## Exercise requirements
Could the lines from the line bearing "You can still" to the end of the records below be copied exactly, with the pictures left out and no other lines added?

Stored items from a collection
· · · ·

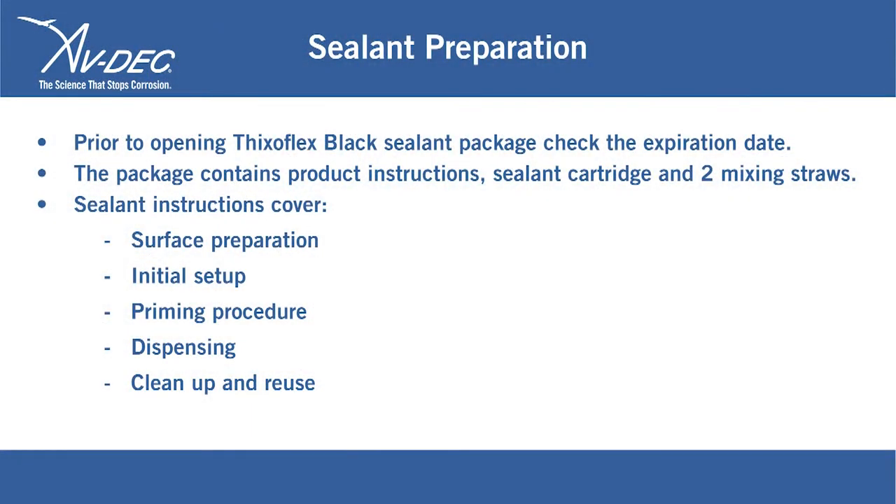Sealant Preparation: Prior to opening the ThixoFlex Black Sealant package, check the expiration date. The package contains product instructions, a sealant cartridge, and two mixing straws.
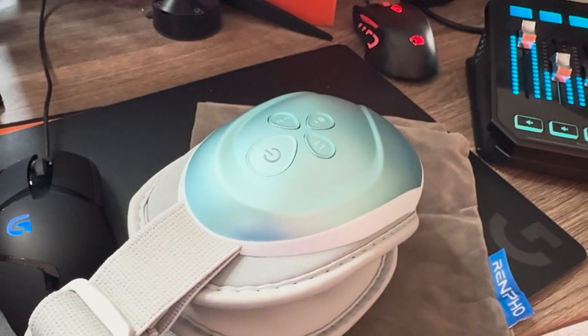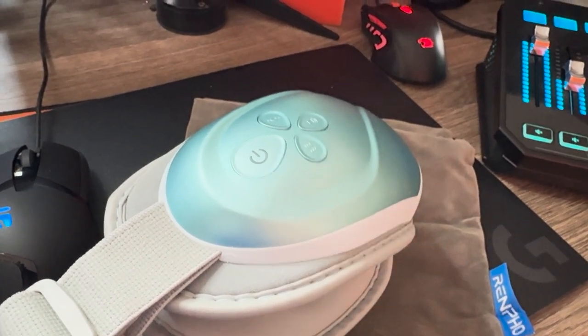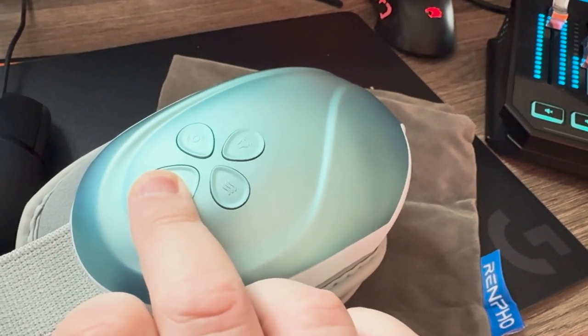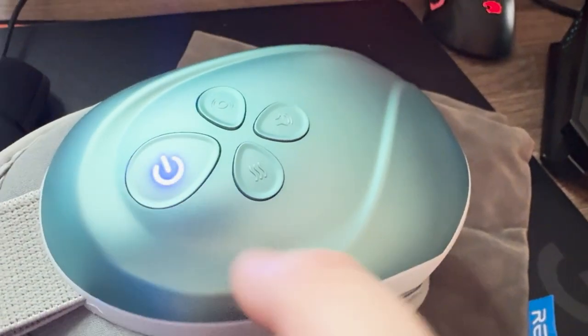The Renpro eye massagers. Let's go through and talk about these and break them down, let you know everything you need to know. Let me also record this with my phone because I know my microphone blocks something so you can hear how loud it is. Renpro eye massager on.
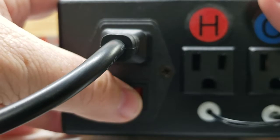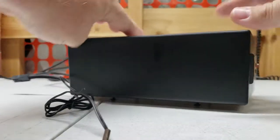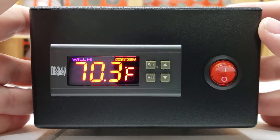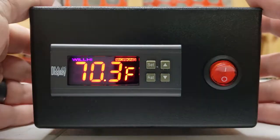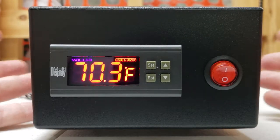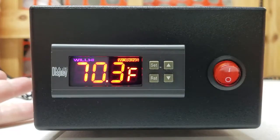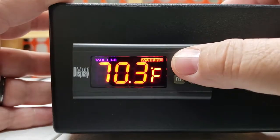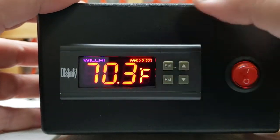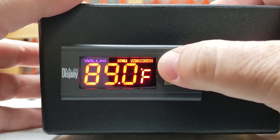Underneath that is the power on and off switch. When we turn that on and flip this around, you're going to see the unit come on. The first thing the temperature controller does when it comes on is it flashes — it's flashing L for a low alarm because it's not currently at its set temperature. Hit any button to stop that. Then we're going to check the current temperature setting. If I push the set button there, it's currently set for 89 degrees.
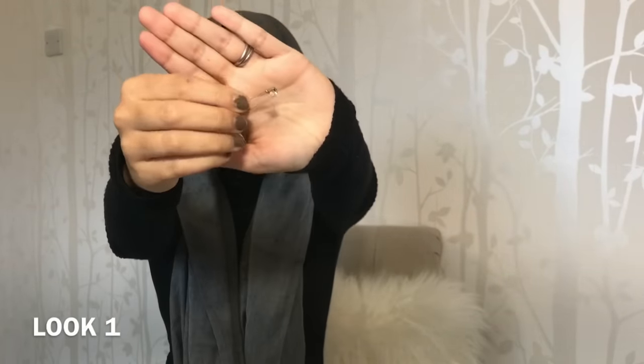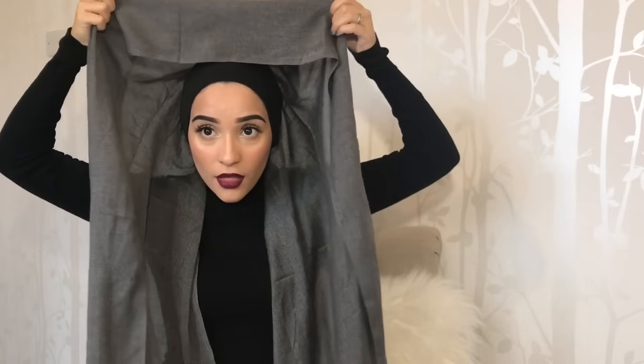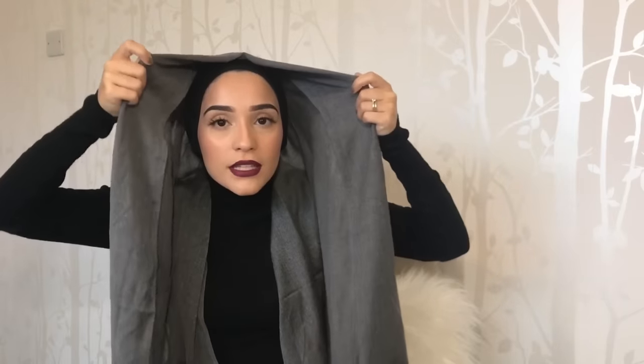Okay ladies, so for this style, all you need is a safety pin. Make sure that both sides are equal and from the front, you just want to fold it a little bit to create that point at the front. Fold it a little bit like so and then just place it on there. And then all you need to do is pin it underneath. Then you just want to grab each end and adjust them, and play around with it until you're happy with what it looks like. I like to pull it a little bit from here just so that it's not so flat on my face. And that's pretty much it for this look.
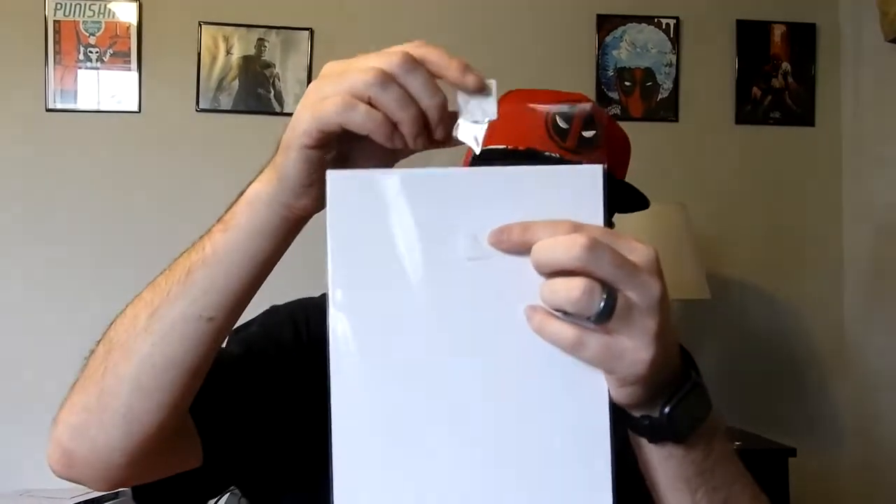You can still see it left some residue, so I'm probably going to have to re-bag this one anyway. This is one thing I didn't like about the sticker process. But overall, I thought it was a decent box.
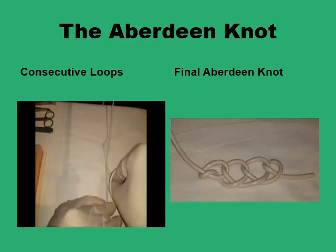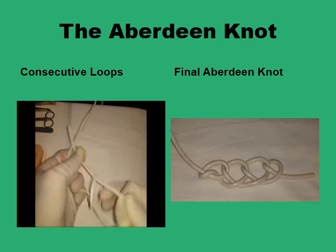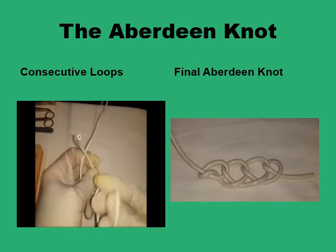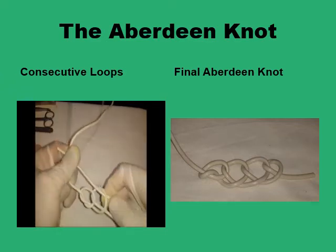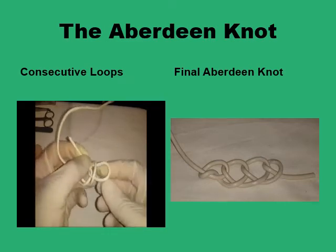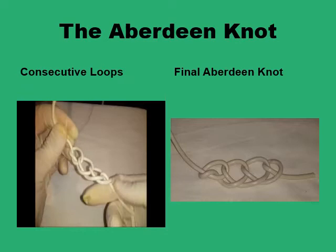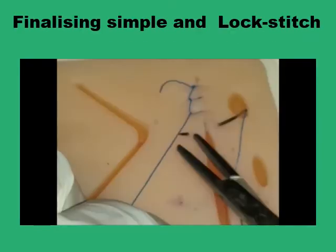The way to do the Aberdeen knot is to do a consecutive looping of the single strand: pull a part of the suture through a loop, form another loop of the same strand, pinch a little bit of the suture line and loop it again so a new loop is formed. You go on doing this until you are happy with the security of your knot, then finish by passing the needle through the last loop, pulling on it, and you've got the secure Aberdeen knot.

· · · ·

## Your solution
You can still see it left some residue, so I'm probably going to have to re-bag this one anyway. This is one thing I didn't like about the sticker process. But overall, I thought it was a decent box.
The way to do the Aberdeen knot is to do a consecutive looping of the single strand: pull a part of the suture through a loop, form another loop of the same strand, pinch a little bit of the suture line and loop it again so a new loop is formed. You go on doing this until you are happy with the security of your knot, then finish by passing the needle through the last loop, pulling on it, and you've got the secure Aberdeen knot.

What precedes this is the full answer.